┌────────

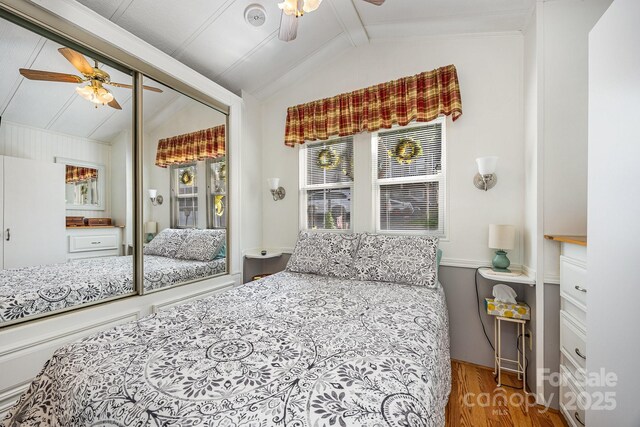 125 Maple St, New London, NC 28127 - bedroom with wood finished floors, multiple windows, access to exterior, and a ceiling fan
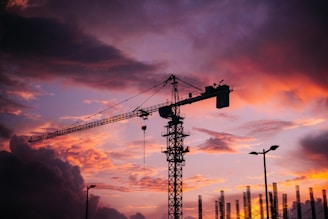 Sunset silhouette of a crane towering over a developing urban area in Saudi Arabia.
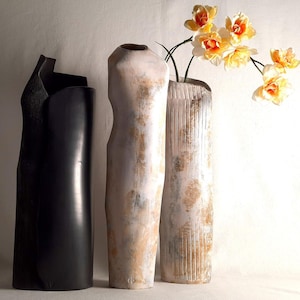 Peut inclure: Trois vases décoratifs de hauteurs et de formes variées. Le vase le plus à gauche est noir et cylindrique. Le vase du milieu est blanc cassé avec une surface texturée. Le vase de droite est beige avec des lignes verticales et contient des fleurs jaunes et oranges.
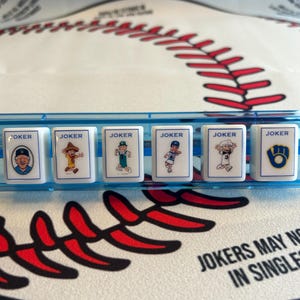 May include: A close-up shot of a baseball-themed game. Six white tiles with the word "JOKER" and cartoon baseball player illustrations are in a blue tray. The background features a baseball design with red stitching.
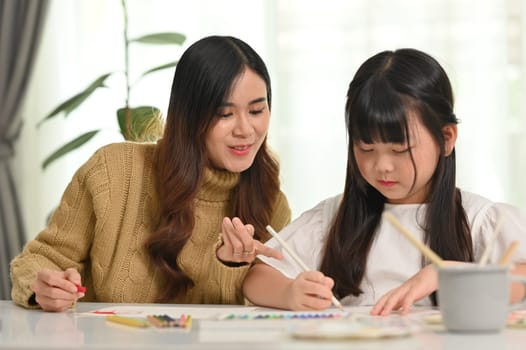 Happy asian mother and little daughter coloring a picture, doing a hobby or education project together at home.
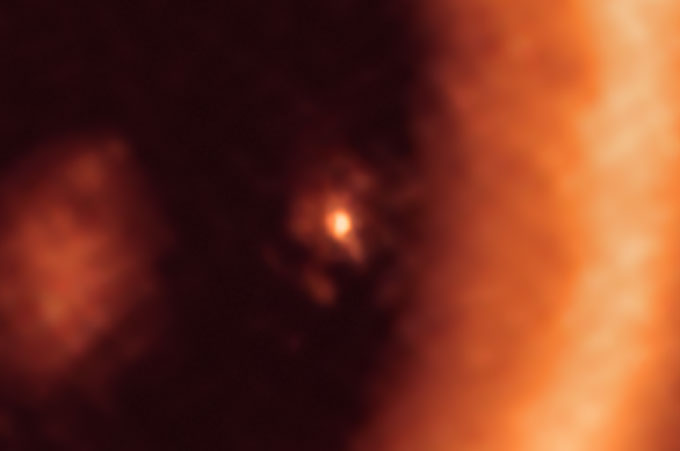 close-up of potential moon forming inside ring of debris around planet PDS 70c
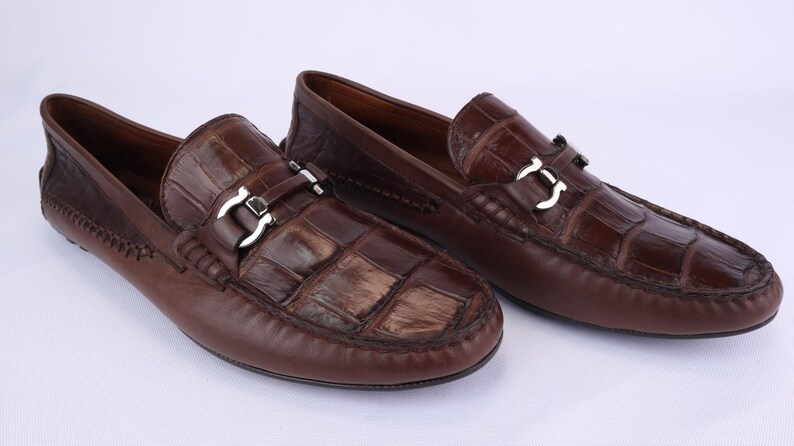 May include: A pair of brown leather loafers with a crocodile-textured vamp and a silver-colored buckle. The shoes have a classic design and are suitable for casual or semi-formal wear.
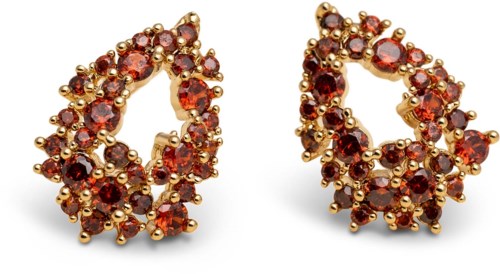 Gold hoops earrings decorated with red gemstones. Bright and shiny, they have a festive look.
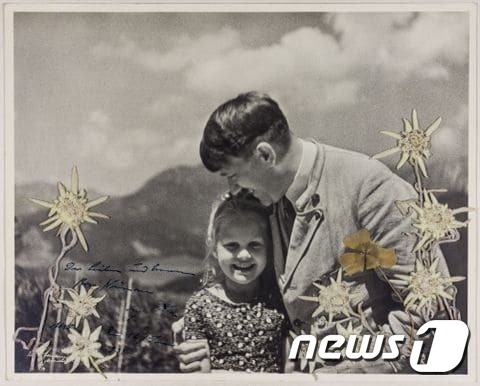 히틀러와 지도자의 아이 로사 베르닐레 니에나우로가 찍힌 사진./출처=CNN 캡처
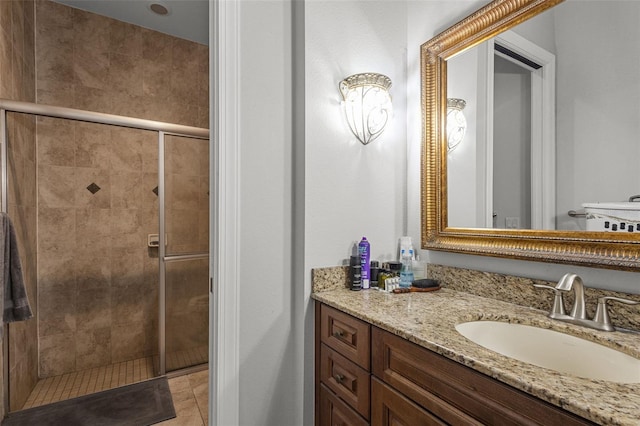 bathroom featuring tile patterned flooring, vanity, and an enclosed shower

└────────

Assignment: With pictures omitted, reproduce exactly the lines from the line containing "히틀러와 지도자의 아이 로사 베르닐레 니에나우로가 찍힌 사진./출처=CNN 캡처" through the end of the data above.

Response for this exercise:
 히틀러와 지도자의 아이 로사 베르닐레 니에나우로가 찍힌 사진./출처=CNN 캡처
 bathroom featuring tile patterned flooring, vanity, and an enclosed shower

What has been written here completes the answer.